You will be recommended to the Executive Compensation Committee (“ECC”) for the following grants:

Time Based RSU Buy Award. A restricted stock unit award of common shares of Marvell equal to $900,000 (the “RSU”) divided by the Share Price, subject to applicable securities law restrictions. The RSU shall vest over three (3) years at the rate of 1/12 on the first quarterly anniversary of the vesting start date and 1/12th per quarter thereafter; provided that you continue to serve as an employee through each applicable vesting date.




Performance Based RSU Award based on Total Shareholder Return. A performance-based restricted stock unit award of common shares of Marvell equal to $1,100,000 (the “TSR”) divided by the Share Price (as defined below); such amount being referred to as the target amount for this award. The TSR shall vest on the third anniversary of the date of grant, provided that you remain an employee through such vesting date. The number of shares that shall vest can range from zero to 200% of the above referenced target number based on achievement of performance objectives relating to the relative total shareholder return of Marvell 's stock as compared to the total shareholder return of other companies over the measurement period. The TSR shall be on the same terms, performance measures and payout curve as the TSR awards approved for the other executive officers in March 2021.

Refresh Equity Grant. The Company generally conducts its annual employee compensation review in Q1 of its fiscal year, including equity grants. With respect to the review scheduled to be conducted in March 2022, you will receive an additional equity award. It is expected that those awards will be granted on and commence vesting on April 15, 2022 and it is also currently expected that such award will consist of a combination of (i) RSUs that will vest over a three (3) year period with 1/12th vesting per quarter over the succeeding three (3) years, provided that you continue to serve as an active employee through each applicable vesting date and (ii) performance based awards. The type and mix of awards will be identical to those awarded to other employees at the executive vice president level.

For the purposes of the equity awards described above, “Share Price” shall mean the closing price of Marvell common stock on the effective date the grant is approved by Marvell’s ECC (or a subcommittee thereof), subject to applicable securities law restrictions. This is expected to occur on May 15, 2021.

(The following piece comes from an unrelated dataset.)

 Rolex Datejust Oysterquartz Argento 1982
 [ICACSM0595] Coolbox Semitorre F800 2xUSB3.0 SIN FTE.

All of the foregoing equity awards are subject to applicable local laws and regulations and will be subject to your return to us of completed, signed award agreement (or acceptance of such award in accordance with the Company policies related to such awards) and the terms thereof.

Change-in-Control

You will be eligible to participate in the Marvell Change in Control and Severance Plan ("CIC Plan") at the “Tier 2” level, subject to the terms and conditions of the CIC Plan and in substantially the form of Tier 2 agreement attached hereto as Appendix A.

Inphi Equity Awards

You have been granted various equity awards by Inphi Corporation. Those awards continue to vest on their respective terms. The change in role and compensation under this agreement does not constitute an Involuntary Termination under your Inphi Change of Control Agreement.

Other Terms




In accordance with the Immigration Reform and Control Act of 1986, it will be necessary for you to submit documents to Human Resources evidencing both your employment authorization and identity within three (3) business days of your date of hire. Acceptable documents include, but are not limited to:

A valid driver’s license and social security card, or
A current passport

Please note your offer is contingent upon:
Successful completion of a routine background investigation and reference checks;
The Company’s receipt from you of a signed Employee Agreement, which contains the Company's Confidential Information and Invention Assignment Provisions, Code of Business Conduct and Ethics and Arbitration Agreement; and
Completion of visa, license requirements, and government restricted party screening requirements, if applicable.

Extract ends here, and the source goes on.